Origins of Ice Hockey
Until recently, it was widely believed that ice hockey evolved from English field hockey and Native American lacrosse. But research in the mid-1980s discovered the mention of a hockey-like game played by the Mi’kmaq First Nations peoples in the early 1800s.
The game played by the Mi’kmaq appears to have been primarily influenced by the Irish game of hurling. Players used a “hurley” (stick) to move a square wooden block across the rink. It’s now widely believed that this was the game that spread throughout Canada in the early 1800s, eventually leading to the creation of modern ice hockey.
As the sport developed, players adopted elements of field hockey, like the “bully” (later the face-off) and “shinning.” This evolved into an informal game known as shinny or shinty. The name hockey – as the organized game became known – is attributed to the French word hoquet, meaning “shepherd’s stick.”
Early versions of the game were played with a wooden block or ball that players would attempt to shoot into the other team’s goal. But an 1860 game at Kingston Harbour, Ontario, Canada featured the first recorded use of a puck instead. Today, hockey pucks are made of vulcanized rubber and are designed for durability. In fact, a 2014 study from the University of Alabama found that a standard puck could withstand 80,000 pounds of pressure before breaking apart.
The first recorded public indoor ice hockey game was held at Montreal’s Victoria Skating Rink in 1875 between two teams of McGill University students. It proved to be nearly as high-contact as many of today’s games. According to the Ontario newspaper The Daily British Whig, “Shins and heads were battered, benches smashed and the lady spectators fled in confusion.”
By the late 1800s, hockey was competing with lacrosse as Canada’s most popular sport. The first national hockey organization, the Amateur Hockey Association of Canada, was formed in Montreal in 1885. National attention was further focused on the game in 1893 when the Canadian governor-general, Frederick Arthur, Lord Stanley of Preston, donated a cup to be awarded annually to the top Canadian team. The three-foot-high silver trophy became known as the Stanley Cup. It was first awarded in 1892–93 to the Montreal Amateur Athletic Association team.
National Hockey League
The National Hockey Association (NHA), the precursor to the National Hockey League, was organized in 1910 and quickly became the sport’s strongest association in North America. But the NHA had its dissenters, and in a move to eject one of the league members, they decided to disband and form a new league. This resulted in the 1917 creation of the National Hockey League (NHL), which went on to become the world’s foremost professional hockey league.

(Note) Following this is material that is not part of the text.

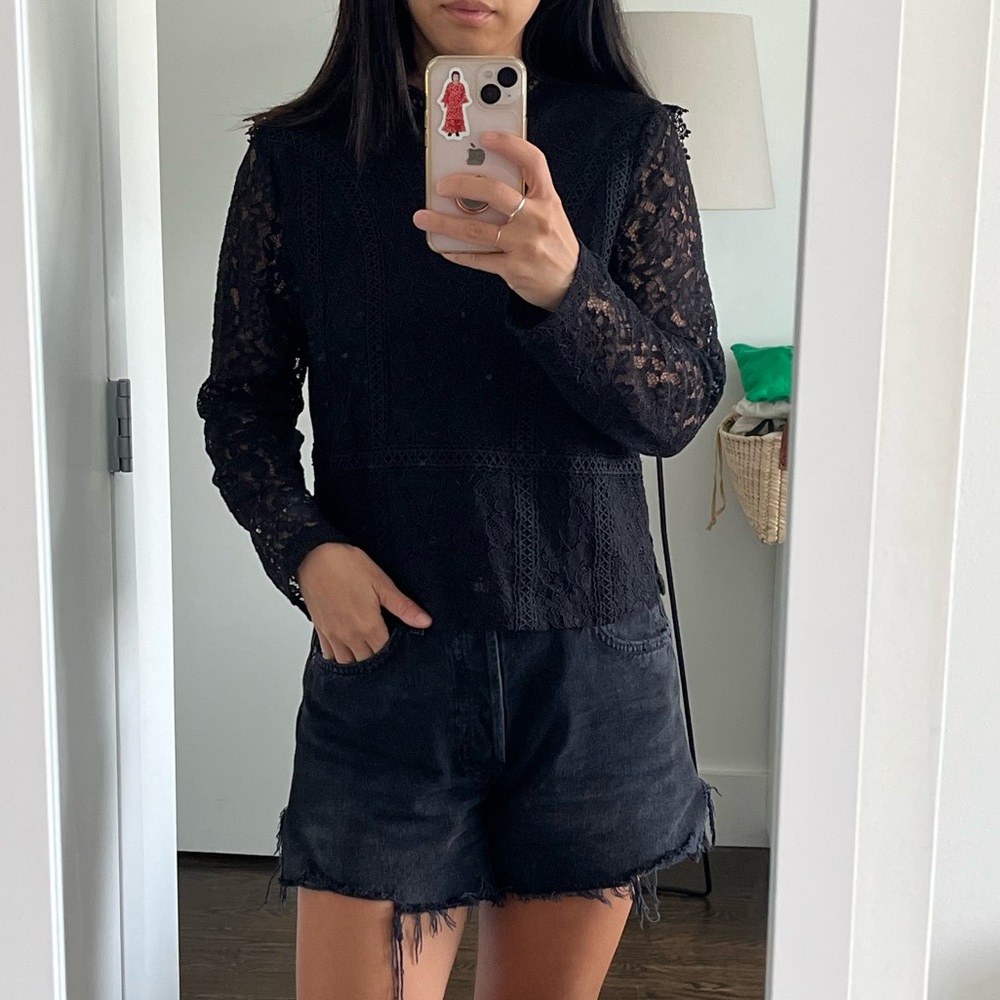 Zara lacy blouse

Initially, the NHL consisted of only Canadian teams. But in 1924 the first U.S. team, the Boston Bruins, joined the league. Several other American teams joined in the following years – a few of which quickly exited – and for several decades, the NHL was composed of just six teams. But in 1967, the NHL undertook one of the largest expansions in professional sports history when it doubled in size to 12 teams.
In the years since the league’s inception, a number of figures have emerged as icons of the sport. The Montreal Canadiens have won the most Stanley Cups with a total of 24. They’ve won nearly twice as many championships as the second-closest team, the Toronto Maple Leafs, with 13. When it comes to individual players, Wayne Gretzky has the most records of any NHL athlete. He holds or shares a total of 61 records in the NHL’s Official Guide and Record Book.